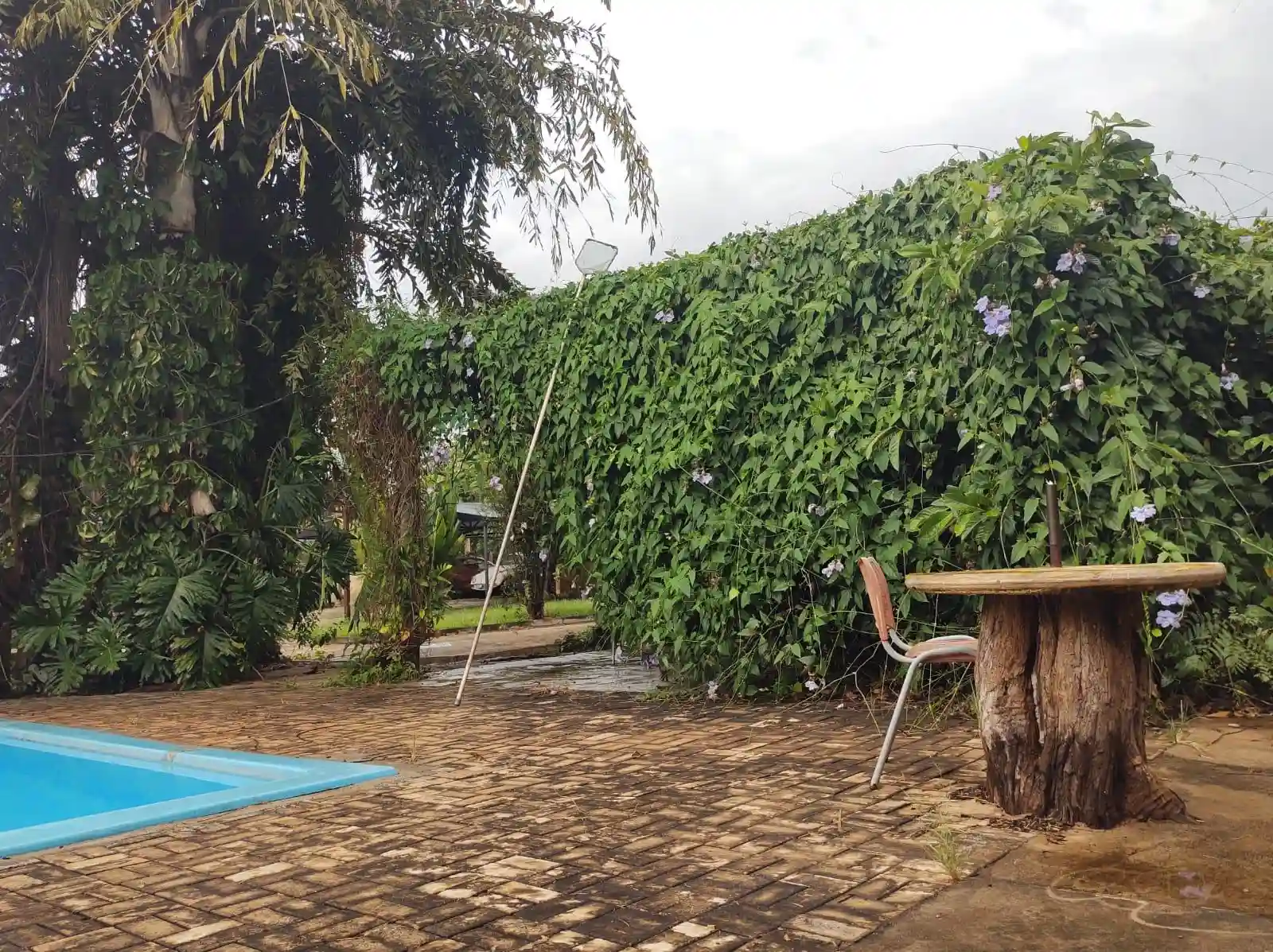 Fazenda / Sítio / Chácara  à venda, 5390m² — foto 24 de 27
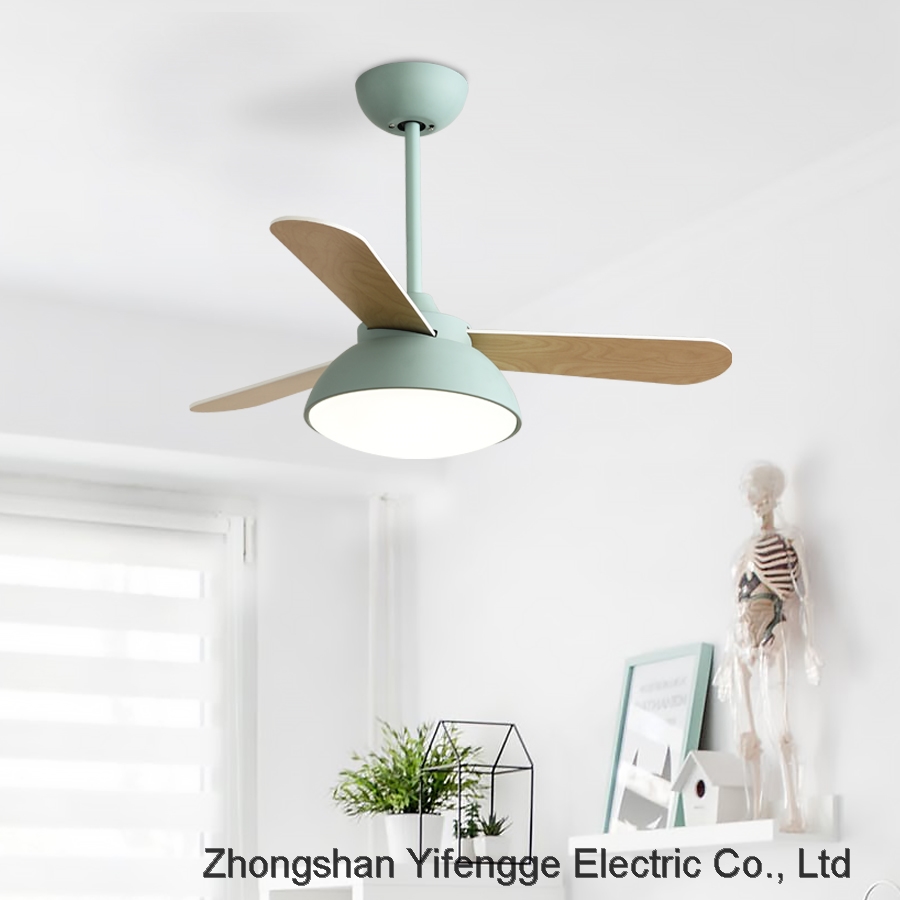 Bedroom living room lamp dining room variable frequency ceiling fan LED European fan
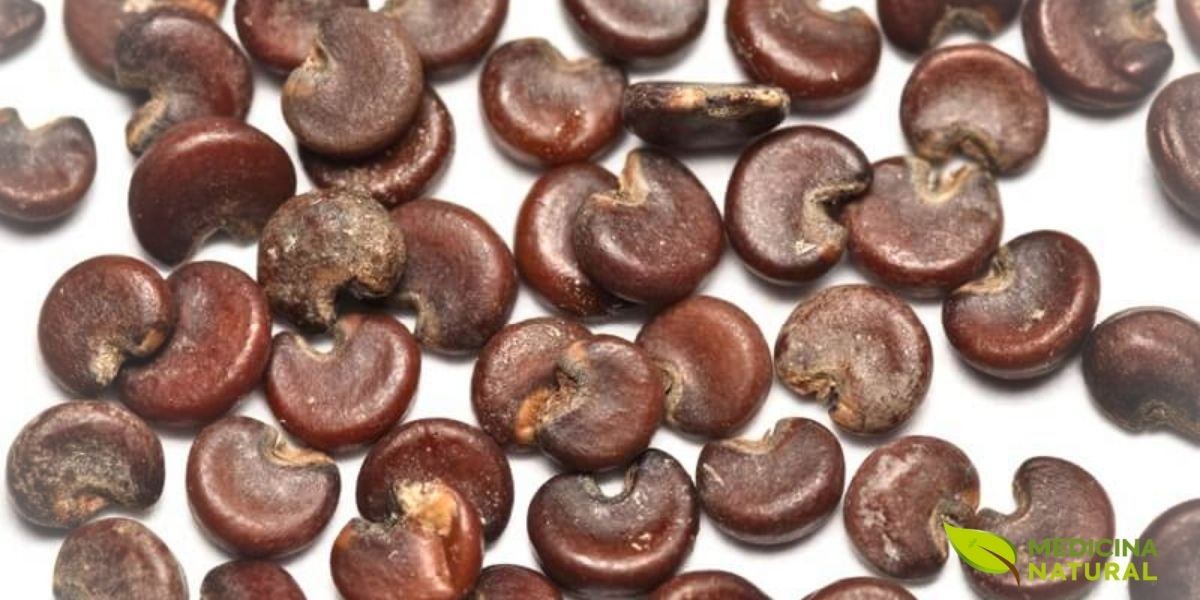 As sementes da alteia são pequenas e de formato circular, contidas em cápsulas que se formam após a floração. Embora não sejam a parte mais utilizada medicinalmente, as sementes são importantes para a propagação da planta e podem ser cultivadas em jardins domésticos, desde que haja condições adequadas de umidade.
________
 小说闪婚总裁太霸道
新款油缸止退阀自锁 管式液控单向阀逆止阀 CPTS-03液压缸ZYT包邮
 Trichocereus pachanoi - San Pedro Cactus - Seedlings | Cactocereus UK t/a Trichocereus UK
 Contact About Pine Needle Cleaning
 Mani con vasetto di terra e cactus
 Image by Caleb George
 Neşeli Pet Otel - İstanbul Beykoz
________
Assigned task. Scan the records above for the lines holding "Trichocereus pachanoi - San" and "Neşeli Pet Otel - İstanbul Beykoz". Transcribe those two and every line between them word for word, and no others.

Expected answer.
 Trichocereus pachanoi - San Pedro Cactus - Seedlings | Cactocereus UK t/a Trichocereus UK
 Contact About Pine Needle Cleaning
 Mani con vasetto di terra e cactus
 Image by Caleb George
 Neşeli Pet Otel - İstanbul Beykoz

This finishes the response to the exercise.